Implementing direct digital synthesis in STM32 microcontroller

I am working on a project that requires phase locking (digitally) of an output signal from a sensor to the reference signal which needs to be done on STM32 microcontroller. I am new to this area, and just read some basic theory behind phase locked loop and direct digital synthesizer, however, I am lost to even get started.

I want to break down my task into generating sinewaves for DDS and then design a PLL in the microcontroller.

To get started, I thought of generating a sine wave based on a Look up table, that i can either import generated from other program/ create a function to generate directly in the stm32cubeIDE. However, this doesn't work because we have a waveform of a fixed frequency. For a PLL, we should be able to change the output frequency and we could do it either changing size of lookup table, value of prescaler or ARR. But for a PLL, how do we do this without having to change the values manually?

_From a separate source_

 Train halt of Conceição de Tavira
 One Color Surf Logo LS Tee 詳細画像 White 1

If anyone has idea in this topic, could you please guide me to get started and provide me some more insights to this topic ?

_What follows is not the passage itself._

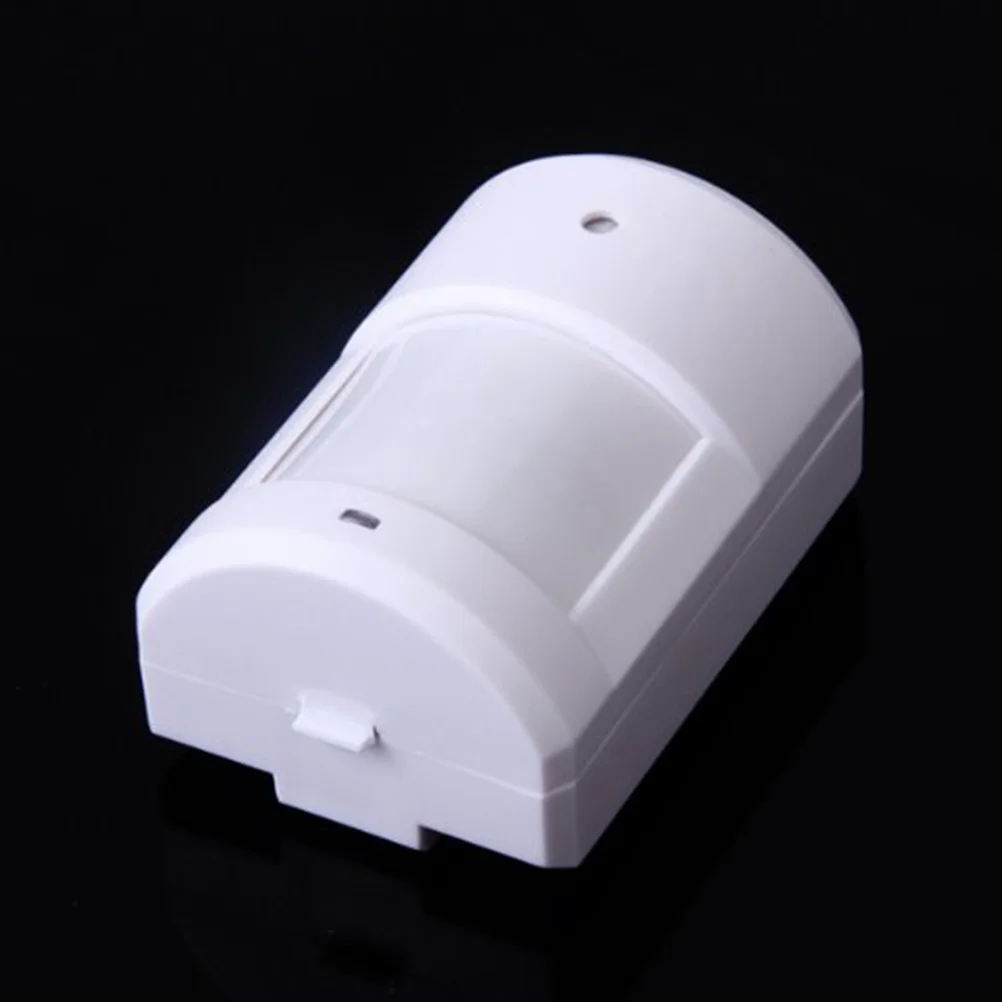 Infrared Doorbell Powered 100M Motion Sensor Alarm Support Welcome Entry Chime Security Alarm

• You create different frequencies from your single quadrant LUT by changing the rate at which you access the LUT. This usually has to be many times the frequency you're trying to synthesize, unless you have something like a DDS chip, For example (foregoing the math here), if you want to synthesize a sine wave, you may have to access the LUT 1,000 times to create one cycle of the sine wave. If that desired waveform is 100 KHz, that you have to access the LUT 1,000 faster than that, or 100 MHz. Commented Feb 23, 2023 at 16:29
• Do you need real sine waves, or would the much cheaper (in terms of instructions, data space and code space to generate) triangle wave be suitable? What is the range of frequencies you need? Commented Feb 23, 2023 at 20:13
• I need a real sine wave to control the mirror movement. My range is around 5-10 KHz.
– Rima
Commented Feb 24, 2023 at 7:13
• The general method is to have a sine lookup table (LUT) of, say, 256 entries for one cycle. Declare a 32bit unsigned int variable as your phase accumulator. To do DDS, add a value to the phase accumulator, use the top 8 bits of the phase accumulator as the index into your LUT which gives you your output value. Rinse and repeat at a regular rate. Change the value you add to alter the frequency and/or phase. No need to cater for overflow - C doesn’t care and in binary it all works as a fixed modulus. For an adder of 2^24, one cycle is 256 iterations. Commented Feb 24, 2023 at 13:53

Essentially you do have to generate a LUT for your fixed frequency. You only need to do this once, then use a phase-accumulator to generate any frequncy you require. You may need to adjust to obtain higher fidelity by using linear interpolation between the LUT values. There was a similar question here, that may be interesting for your application and may be suitable for your requirement. Good luck !

If you need to generate a sine wave with variable frequency, but fixed sample rate, then you could consider writing code in the MCU to act as a "resonator".
This code is essentially a digital filter, but with coefficients chosen such that its output does not decay or settle, but in fact sustains itself in much the same way that a phase-shift oscillator does in hardware.

I used this technique many years ago, and borrowed the idea from an old (perhaps even ancient by now) app-note from Microchip.
That app-note is focused towards generating DTMF dial-tones by creating the 2 sine-waves independently and then adding them together to create the final "dual-tone".

Doing it this way means that you don't need a Lookup-Table to store a sine wave at sufficient resolution, but instead means that your MCU needs to be fast enough to perform the necessary calculations for each time interval.
Considering that you're proposing to use an STM32, presumably running at 100MHz or so, I wouldn't expect this to be a problem.

In the code I wrote, I managed to have an 8-bit PIC running at 16MHz generate 2 sine waves in the 200-300Hz range, sampled at about 10kHz, with enough processing power to simultaneously perform UART comms at 115200 as well as some other processing duties.
In the initial version, the bulk of the code was written in C, but I had some hand-optimized assembler for the most critical bits.
In later iterations when I was able to use a faster MCU I ported all the code onto the new device and had it all written in C.